Earning More Doesn’t Make You Immune to Credit Card Debt
“For most of us, as our income increases, so do our expenses: nicer apartments, upgraded wardrobes, more travel, more dinners out,” said Priya Malani, founder and CEO of Stash Wealth, a registered investment advisory in New York, in an email. “None of these are ‘bad’ in and of themselves, but without a plan in place, it’s easy to wake up one day and realize you’ve got nothing to show for your raises.”
A big part of using credit cards to your advantage is understanding how they work. “Earning a solid income doesn’t guarantee financial literacy,” Malani said. “Most of us weren’t taught how to use credit cards responsibly, so the stigma around them takes over.”
Malani recommends treating your credit card like a debit card and only charging purchases you have the cash to pay off. “With this method, you’ll rack up rewards points and the credit card companies get nothing,” she said. “You win, they lose.”
A different spin on the idea of budgeting can give you permission to splurge while still knowing you’re saving enough. Malani refers to it as finding the “magic number” you can spend guilt-free. To calculate it, take your monthly income and subtract any savings goals (such as retirement contributions, a down payment, money for travel and holiday gifts). You can spend what’s left however you’d like.

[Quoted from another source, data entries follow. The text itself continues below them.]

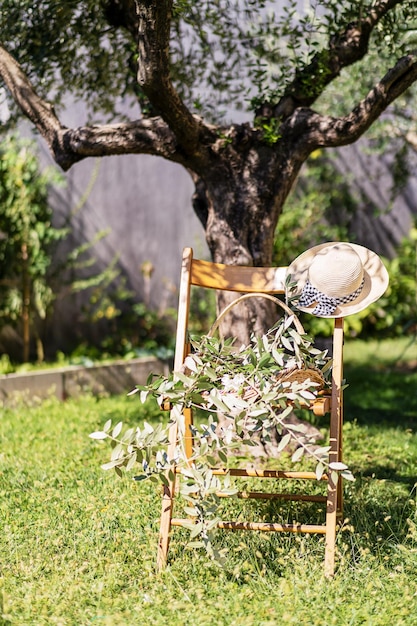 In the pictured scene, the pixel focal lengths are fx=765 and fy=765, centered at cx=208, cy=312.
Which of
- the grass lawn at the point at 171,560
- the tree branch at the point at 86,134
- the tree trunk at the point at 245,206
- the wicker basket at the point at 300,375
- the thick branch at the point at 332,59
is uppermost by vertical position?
the thick branch at the point at 332,59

“If your ‘magic number’ says you’ve got $20 left for the month, it’s a Netflix and pizza night,” Malani said. “If you’ve got $200, treat yourself or pick up the tab for friends.”
She also suggests creating “sub-savings” accounts earmarked toward specific upcoming large purchases. Contribute monthly to these accounts so when you’re ready to spend, you have the savings available to pay your credit card bill in full. “That’s how you use credit as a tool, not a trap.”